Washington State University psychologist Jay Wright, who studies learning and memory in mammals, wonders what it means to say that a plant is intelligent. Even with respect to animals, he says, “intelligence is in the eye of the beholder.”

When sizing up smarts, we often look for intentional actions, goal-directed behaviors we can see and measure. How can plants be intelligent? To the casual observer, plants don’t seem to have “behaviors.” They seem to passively accept whatever the environment tosses their way.

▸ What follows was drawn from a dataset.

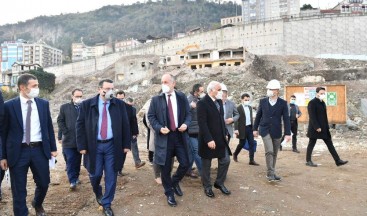 Genç: “TOKİ’nin Trabzon’a çok ciddi katkıları oldu”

But researchers at WSU are finding that plants are surprisingly assertive. Based on their findings, a case could be made that the average potted plant is at least as active as the average human couch potato—and a lot smarter about what it consumes and the company it keeps.


Watching their diet

Plants don’t “eat,” of course, but they do take in energy, in the form of light. They use that energy to convert CO2 and water into carbohydrates. Although plants can’t move to a sunnier or shadier spot like a sunbather going for optimal tan, plant physiologist David Kramer says some of them make smaller movements to control their exposure to light. They turn their leaves to intercept more or less light. They even rearrange their internal parts to enhance or diminish their energy intake.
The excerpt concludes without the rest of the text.